**TASK REQUIREMENTS**
In full and without alteration, print the records below, minus any images.

*** DATA SUPPLIED Section Begins ***

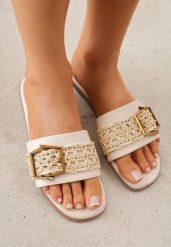 Beżowe Klapki w Stylu Boho z Plecionką z Rafii i Metalową Klamerką Mezelin. Brązowe klapki damskie Renee, na lato, bez wzorów, z jeansu, boho, bez obcasa, na płaskiej podeszwie, bez zapięcia. Za 79.99 zł.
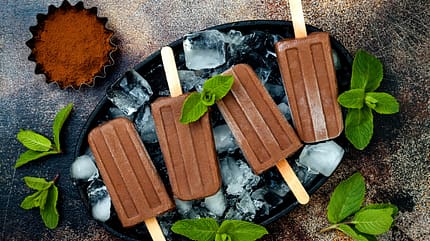 Popsicle-Rezepte: 8 Ideen für gesundes veganes Eis am Stiel
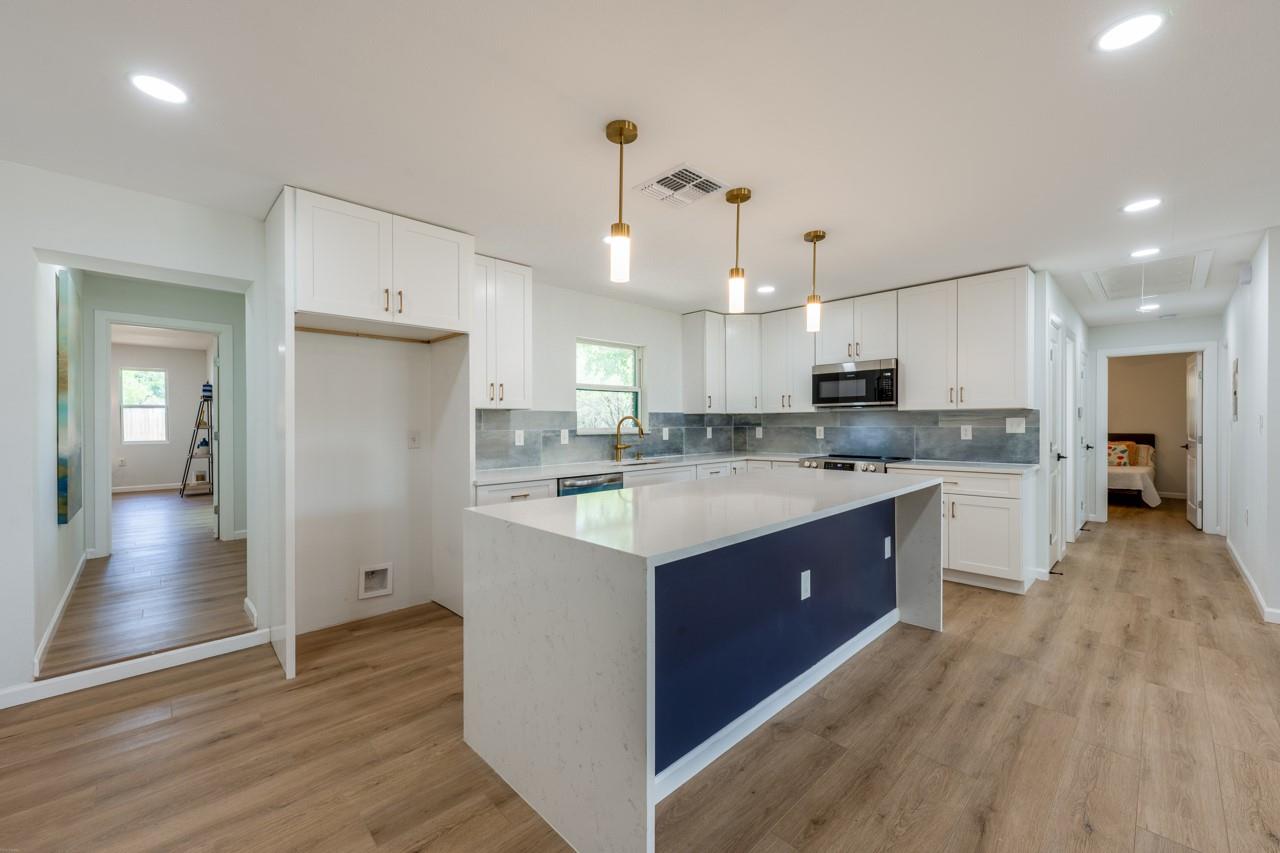 106 Heron, Highland Haven, TX 78654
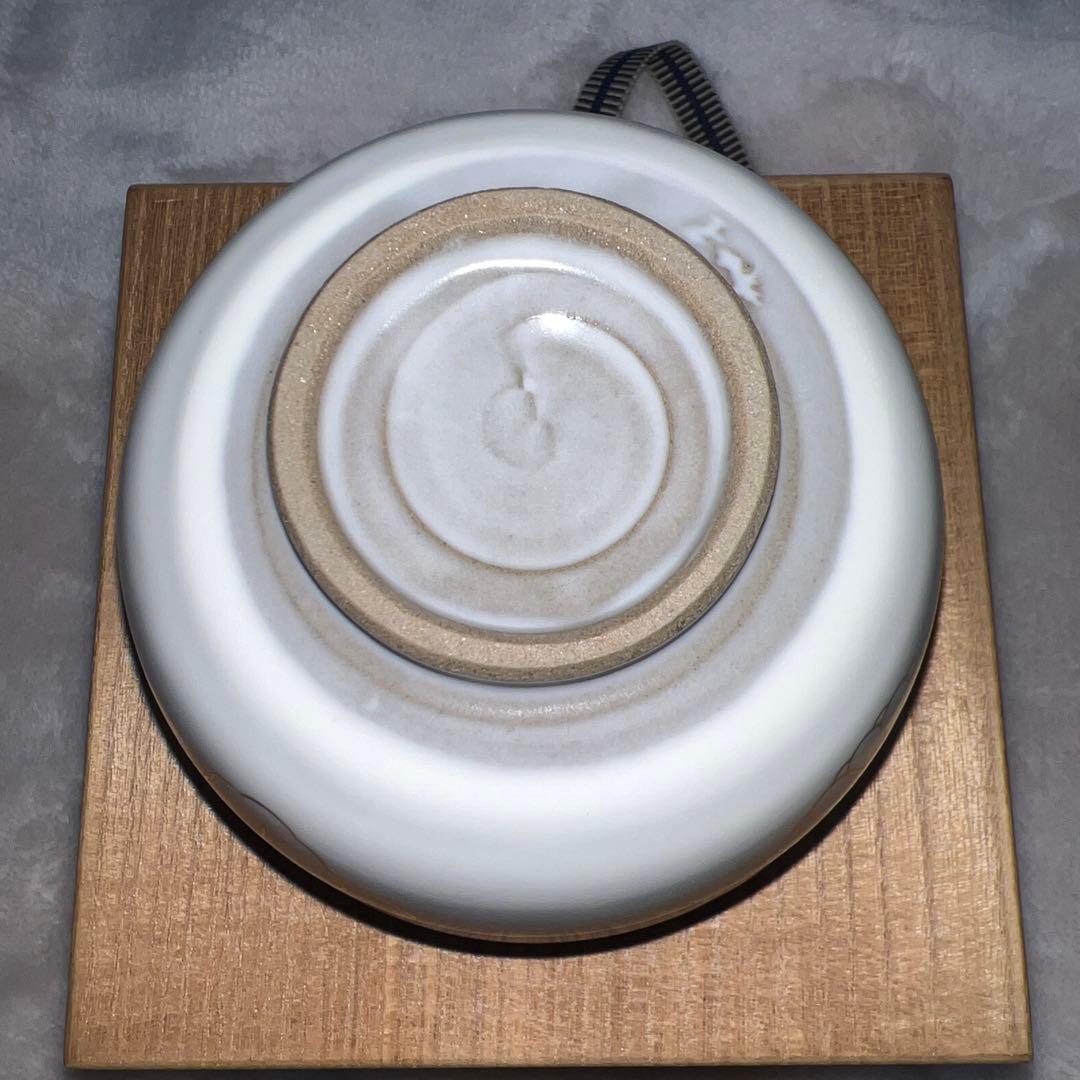 菊桐文 茶碗／共箱付き・作家物（箱書きあり）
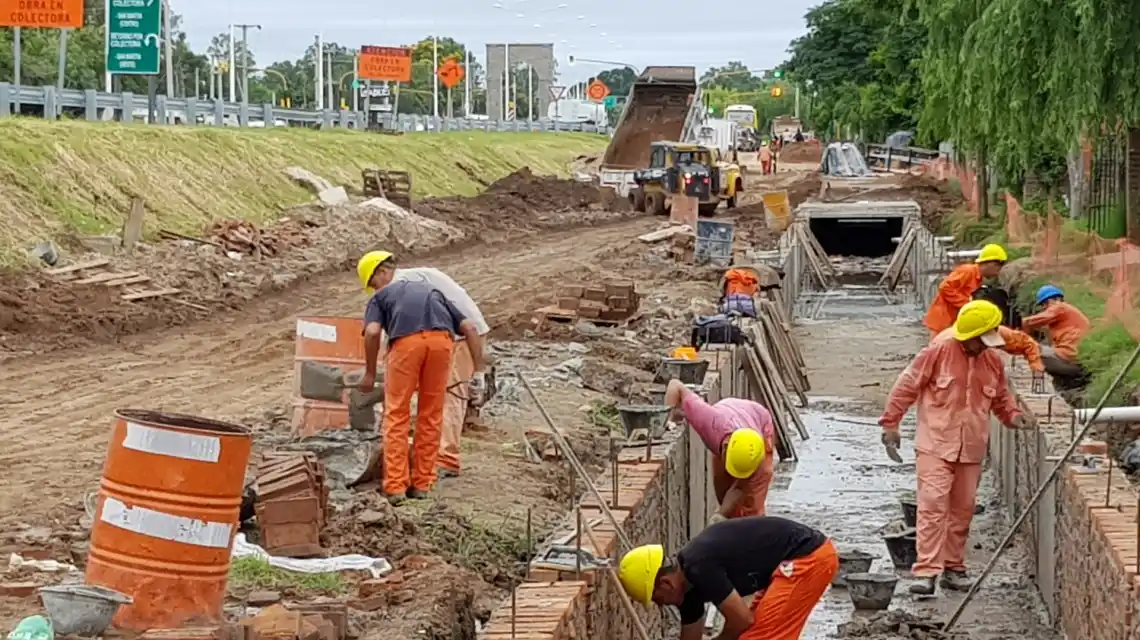 Avanzan las obras viales e hídricas en la Ruta Provincial N° 1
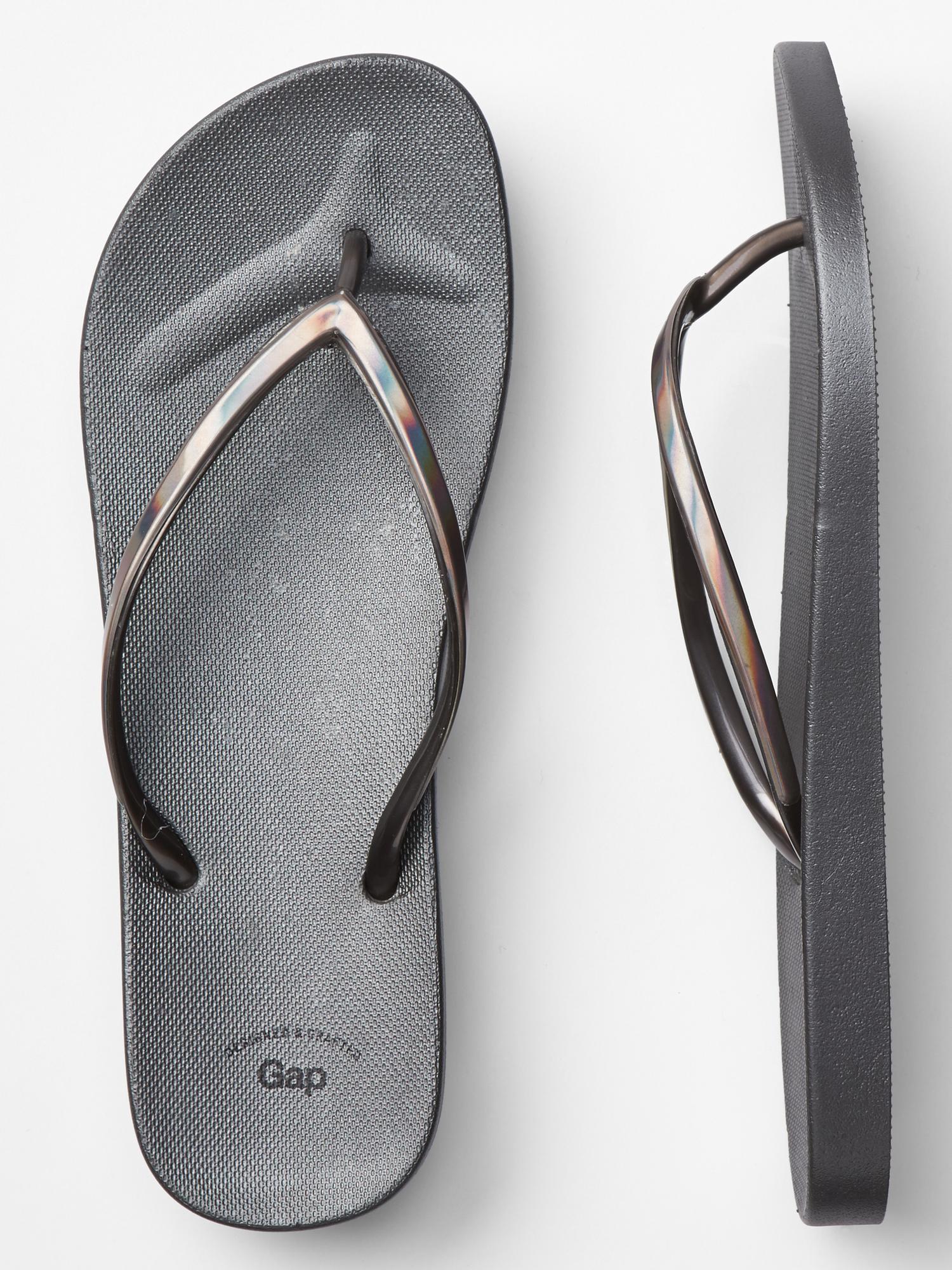 Gap rubber flip flops cheap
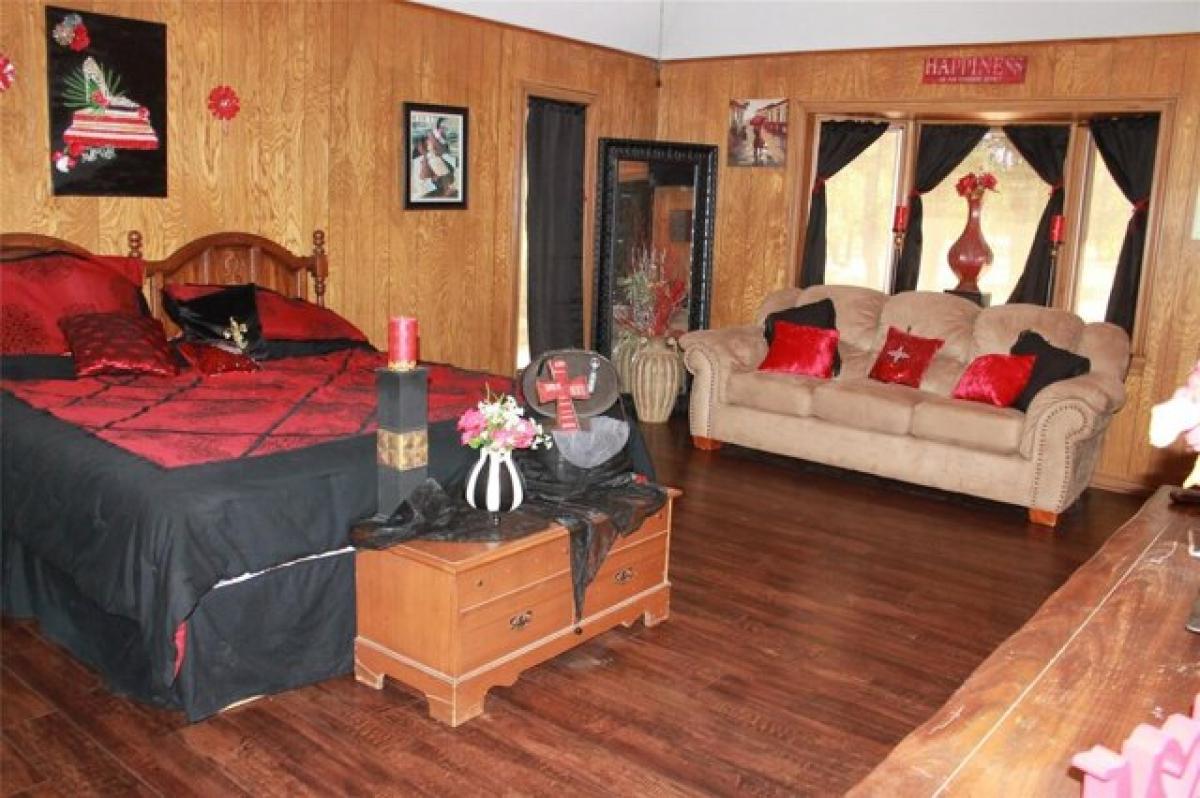 Picture of Home For Sale in Clyde, Texas, United States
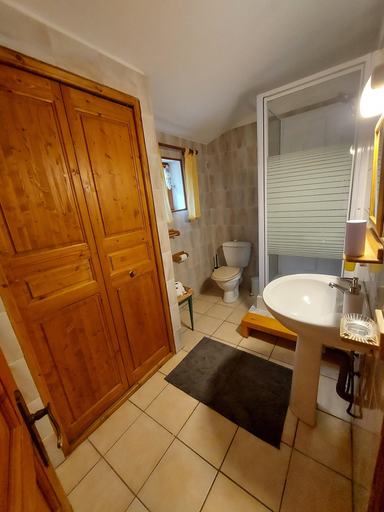 Bathroom 5, Les Copains à Bord - Gîtes, Lozère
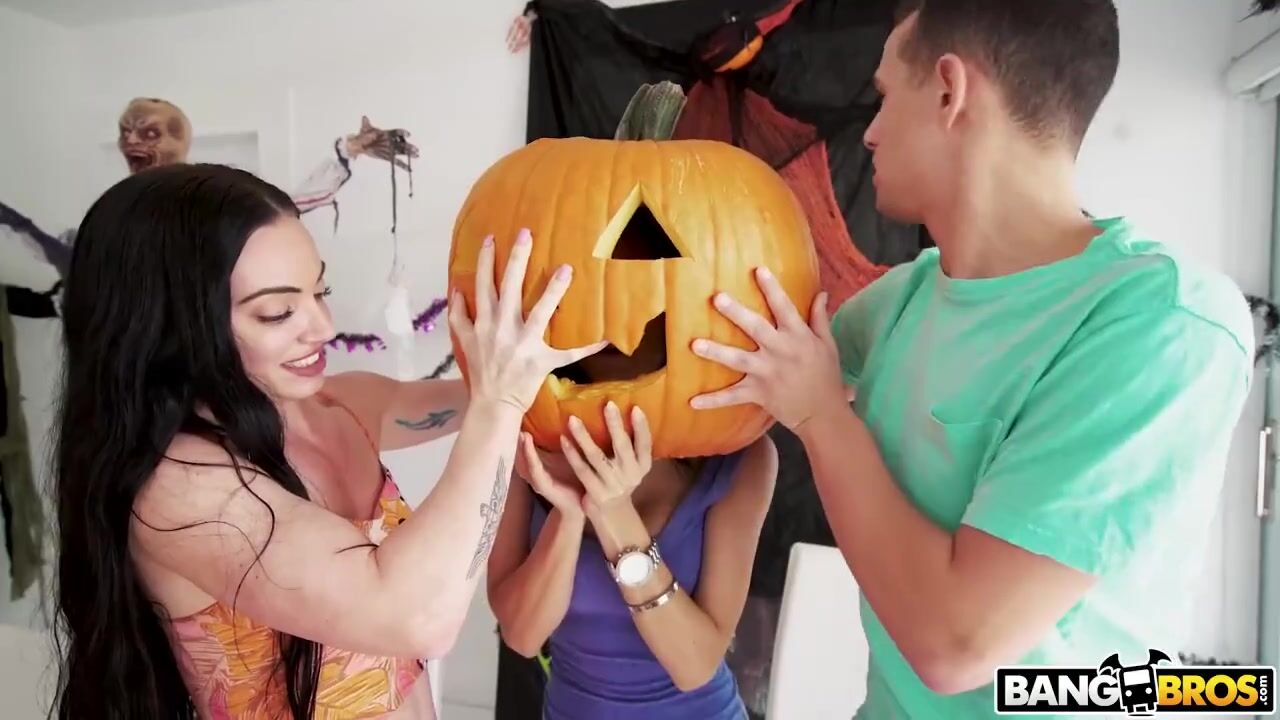Halloween Hot Wife Threesome - Mamma Can't Live Without to Fuck on Halloween- Tia Cyrus video - Zeenite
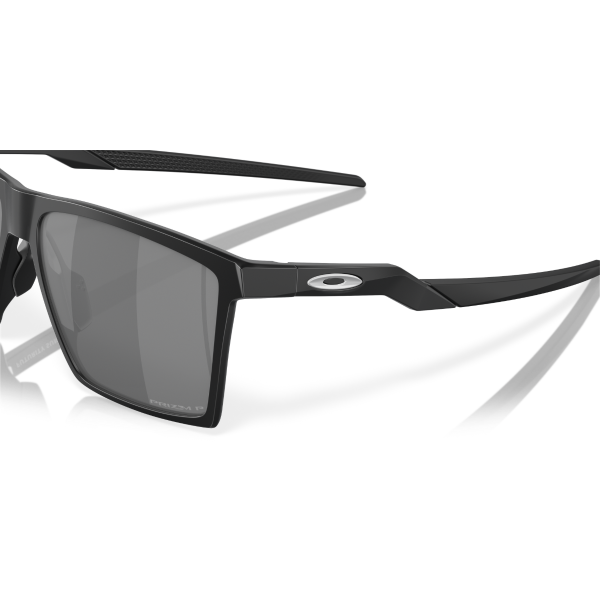 OO 9482 948201 57 Oakley FUTURITY SUN Polarize Güneş Gözlüğü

*** DATA SUPPLIED Section Ends ***

**OUTPUT FOR THIS TASK**
 Beżowe Klapki w Stylu Boho z Plecionką z Rafii i Metalową Klamerką Mezelin. Brązowe klapki damskie Renee, na lato, bez wzorów, z jeansu, boho, bez obcasa, na płaskiej podeszwie, bez zapięcia. Za 79.99 zł.
 Popsicle-Rezepte: 8 Ideen für gesundes veganes Eis am Stiel
 106 Heron, Highland Haven, TX 78654
 菊桐文 茶碗／共箱付き・作家物（箱書きあり）
 Avanzan las obras viales e hídricas en la Ruta Provincial N° 1
 Gap rubber flip flops cheap
 Picture of Home For Sale in Clyde, Texas, United States
 Bathroom 5, Les Copains à Bord - Gîtes, Lozère
Halloween Hot Wife Threesome - Mamma Can't Live Without to Fuck on Halloween- Tia Cyrus video - Zeenite
 OO 9482 948201 57 Oakley FUTURITY SUN Polarize Güneş Gözlüğü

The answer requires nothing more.